Problem statement →
Below are some records. Print exactly the lines between the one holding "販売中の大阪府のラグドール-132919の13枚目" and the one holding "早上猫在屋顶上休息。视频素材", inclusive, and nothing else.

Task material →
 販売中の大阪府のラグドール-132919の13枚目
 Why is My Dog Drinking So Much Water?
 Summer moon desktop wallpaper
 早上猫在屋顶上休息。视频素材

--

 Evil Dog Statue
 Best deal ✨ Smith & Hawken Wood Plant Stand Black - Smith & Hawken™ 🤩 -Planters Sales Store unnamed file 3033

Answer section →
 販売中の大阪府のラグドール-132919の13枚目
 Why is My Dog Drinking So Much Water?
 Summer moon desktop wallpaper
 早上猫在屋顶上休息。视频素材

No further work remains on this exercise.